A major innovation of the Kwekwe-Gutu project was its use of building societies to finance low-income housing, despite their normal reluctance due to problems with affordability and default (Mutizwa-Mangiza, 1990: 36). The arrangement involved substantial grants from the UNDP and USAID. The funds from USAID were used to set up revolving funds that would enable building societies to establish a financing system for low-income housing. As an alternative to deposits, an allowance was imputed for the value of self-help labour. The loan only required repayment of the cost of the building, however, and it appears that land, infrastructure and interest rates were largely subsidized.
The ability of urban authorities to ensure the provision of land, services and social facilities on a routine basis ultimately depends upon the revenue base they are able to generate. Efficient project management can contribute significantly to this by encouraging a sense of financial rigour in all sections of the population. Politicians and administrators seem to share a common tendency to regard projects as a welfare service, rather than a developmental investment This tendency militates against this approach and prevents adequate resources from being generated. The evidence from the case studies suggests that the opportunity to use projects as a means of increasing the urban revenue base has yet to be grasped.
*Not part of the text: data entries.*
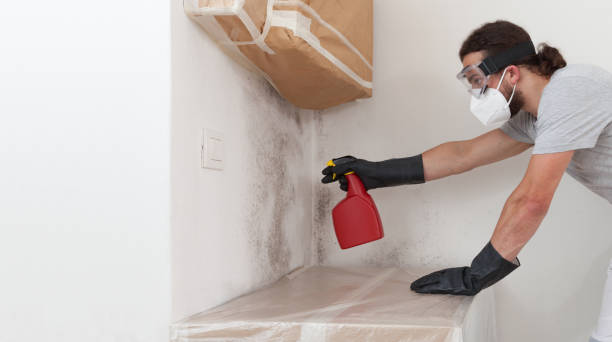 Professional Basement Mold Remediation technician working in Stevensville, MD
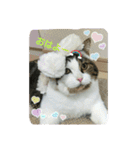 海とタイガ2（個別スタンプ：4）
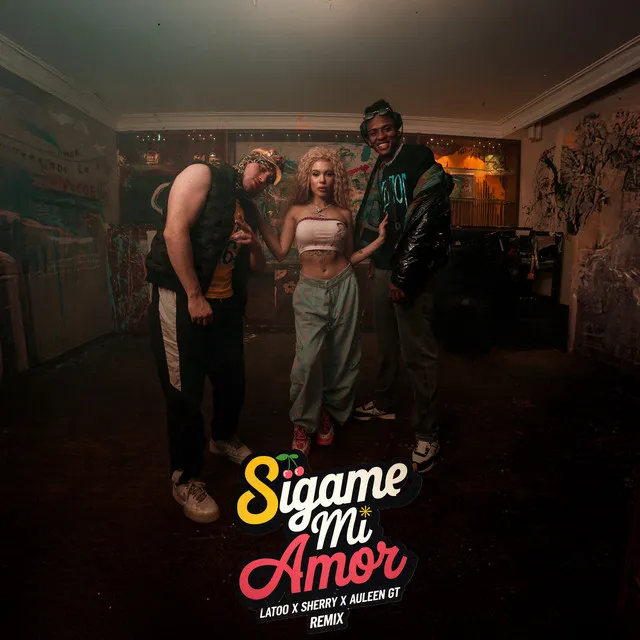 Sigame mi amor (Remix)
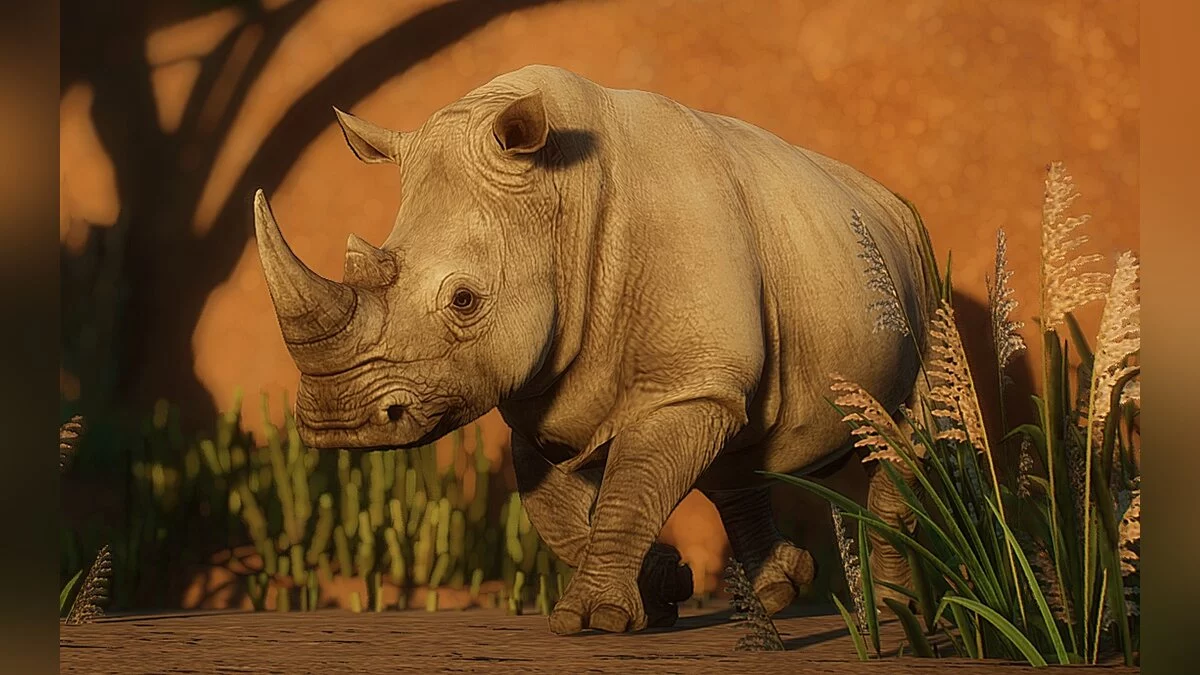 Planet Zoo — Northern white rhinoceros (new species)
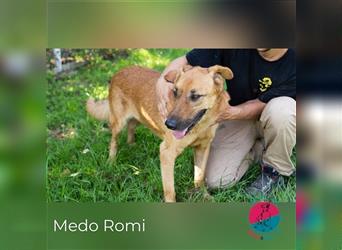 Medo Romi - Auf der Suche nach seinen Menschen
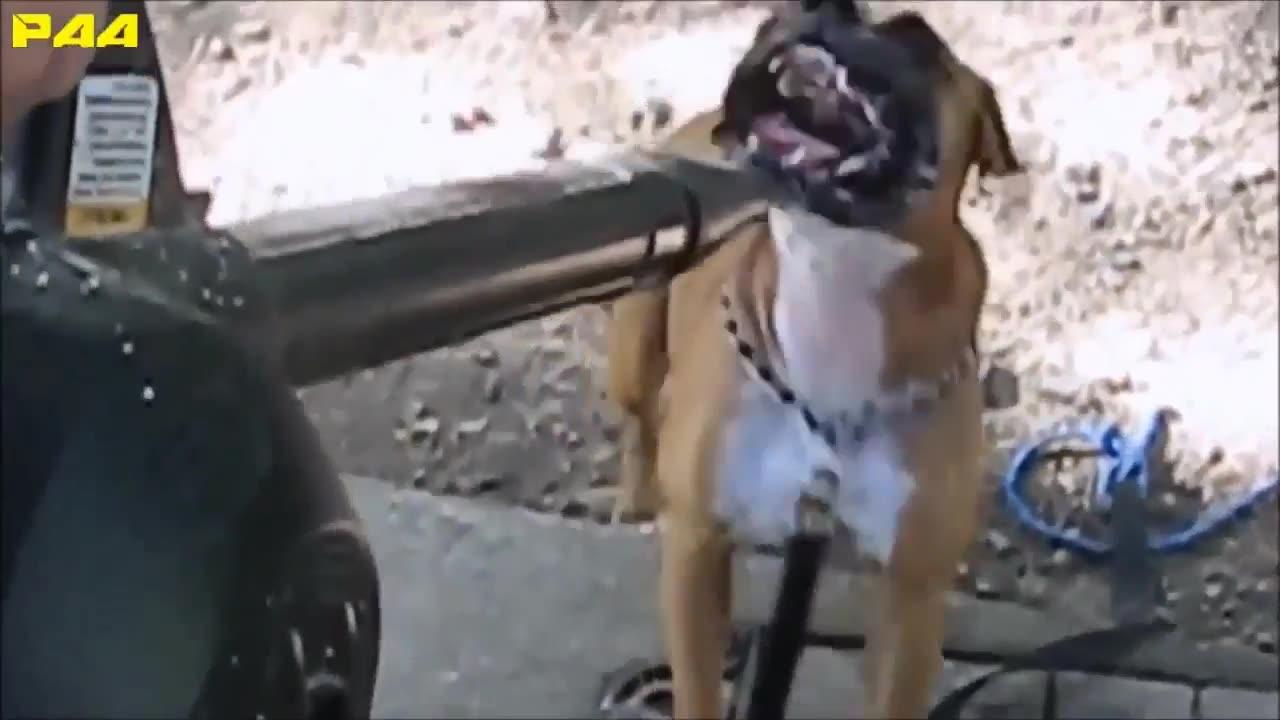 Funniest Fun Comedy amazing comedy video 2023 Episode 17 |  😂 Try Not To Laugh Funny Videos 2023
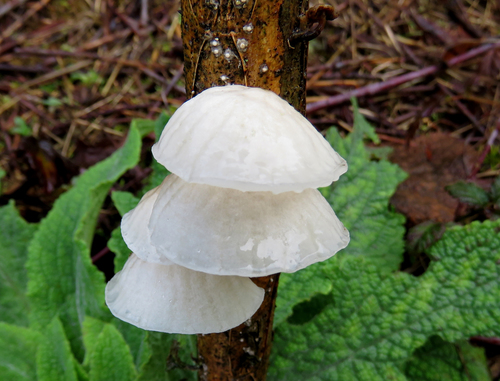 Fairy Parachutes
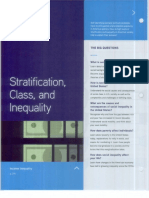 Stratification, Class, and Inequality: The Big Questions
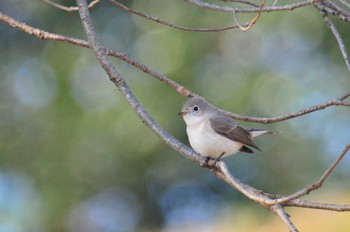 ニシオジロビタキ 馬見丘陵公園 2021年1月13日(水)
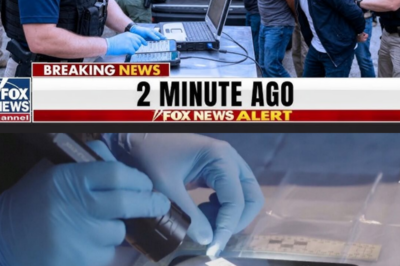 1 Cell Phone Seized in Arrest Revealed Encrypted Communication System for 200+ Operatives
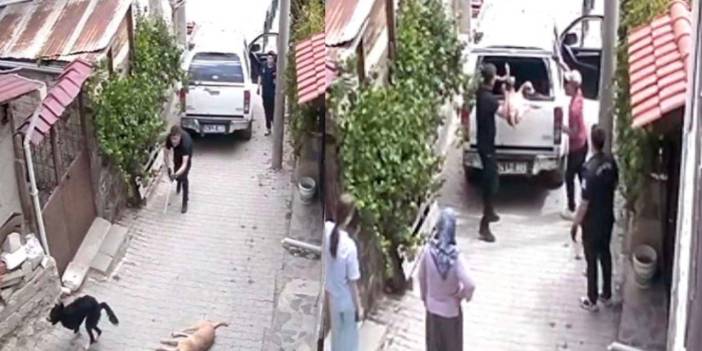 Köpeklere işkenceli toplama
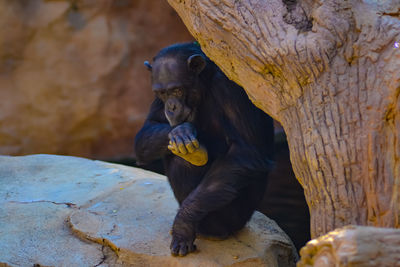 Monkey sitting on a tree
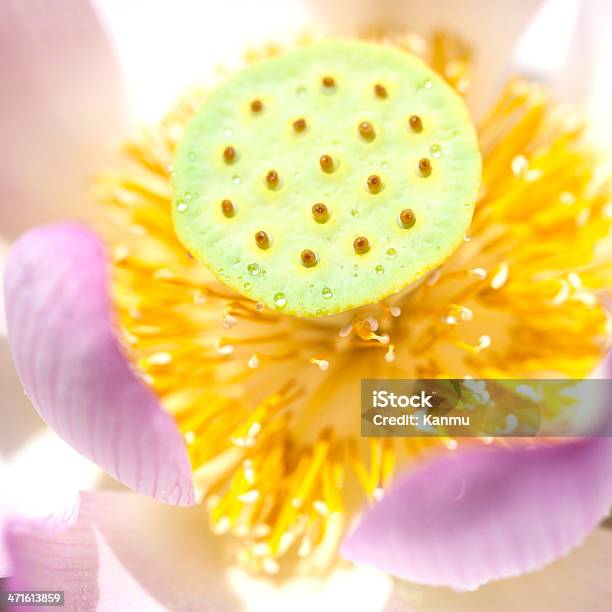 Lotus Stockfoto und mehr Bilder von Baumblüte - Baumblüte, Blatt - Pflanzenbestandteile, Blau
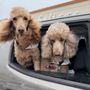 Photo of Family Affair Standard Poodles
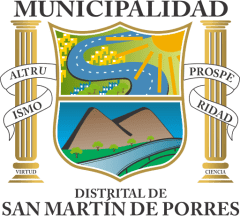 /sanmartindeporres3163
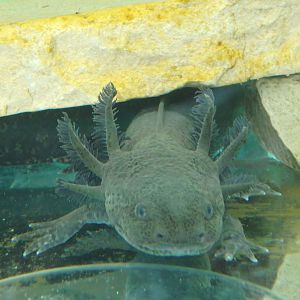 Axolotl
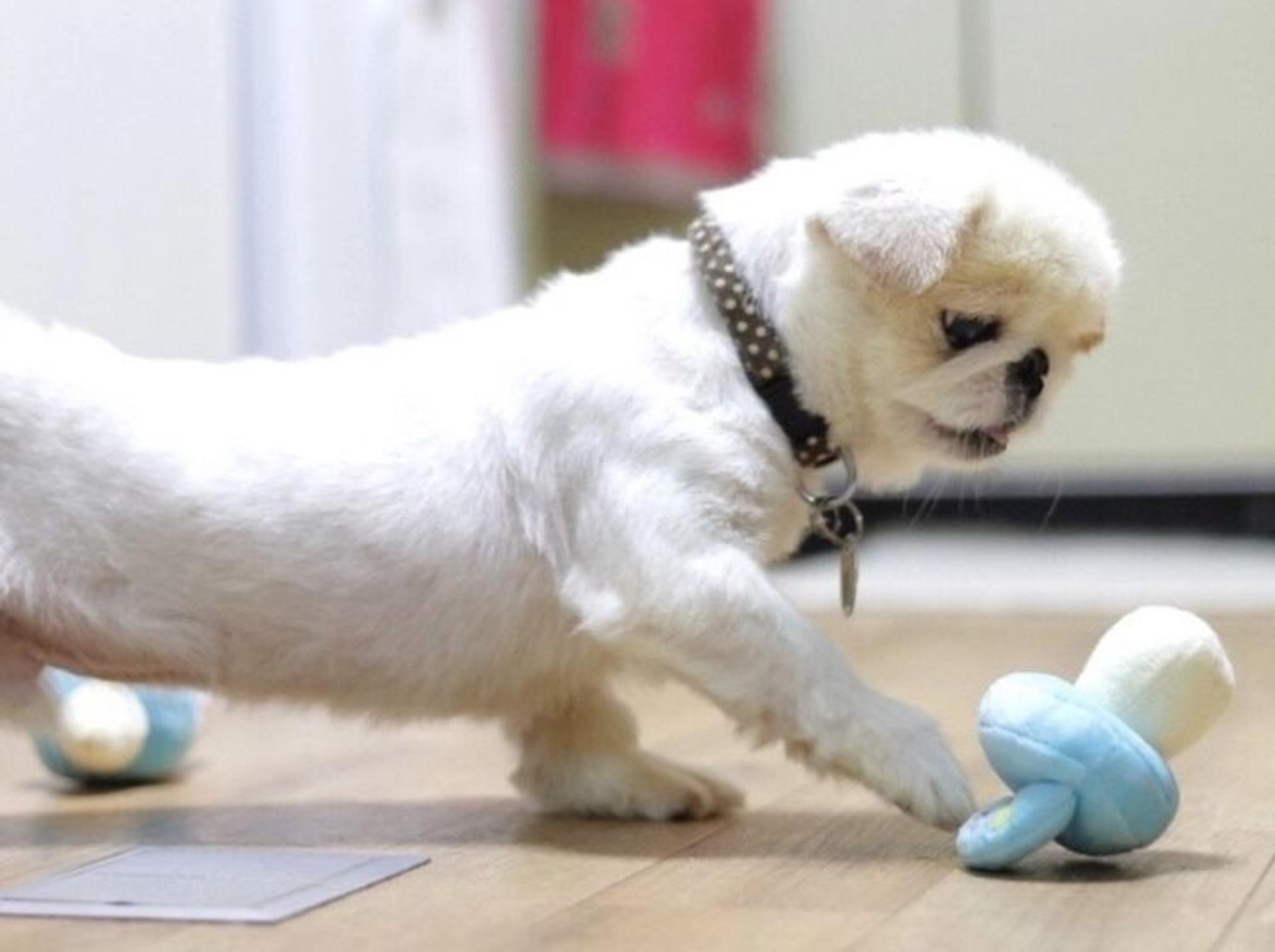 pet-image-5
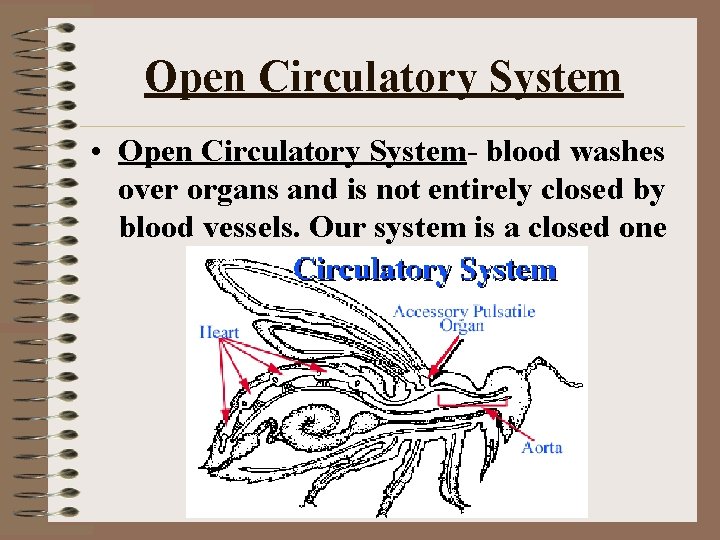 Open Circulatory System • Open Circulatory System- blood washes over organs and is not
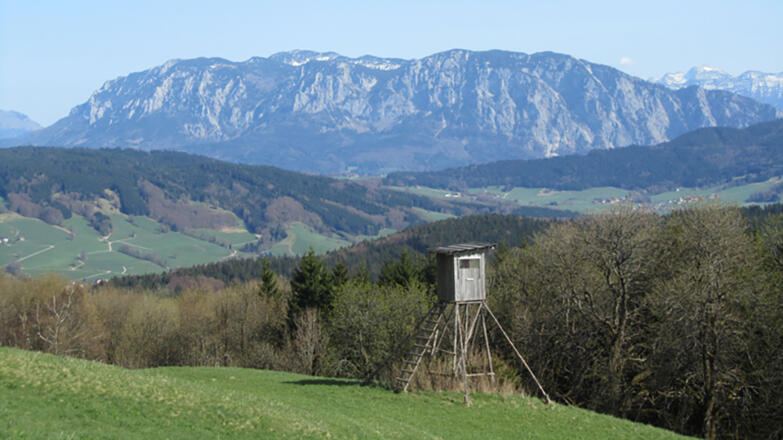 Entdeckungsrunden am Mondseeberg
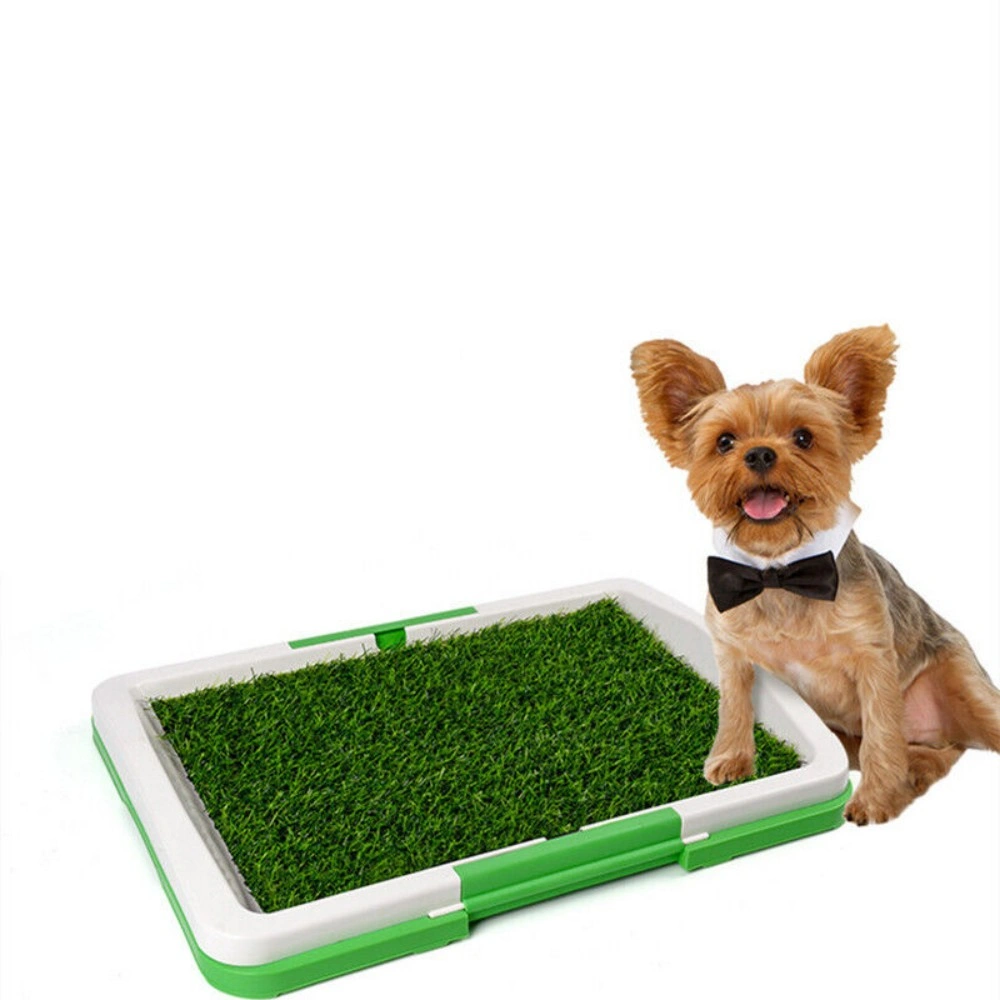 Pet Dog Toilet Mat Indoor Potty Training Grass Pad with Loo Tray - Large Puppy Restroom Mat view 3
One example from Sri Lanka exemplifies this issue. As was mentioned earlier, only one out of the 81 projects undertaken in Colombo pays property taxes to the Municipal Council. One reason for this poor performance is that although decision-making in projects has been decentralized to local levels, procedures for cost recovery are still centralized. Another reason is that the whole process of cost recovery within the MHP has been politicized. Before the Presidential elections in 1989, the Government decided to forgo collections of loan payments from all households with incomes below the official poverty line. Since most households in housing projects belong to this category this has been a major reason for the low level of cost recovery (Jayaratne, 1990: 106).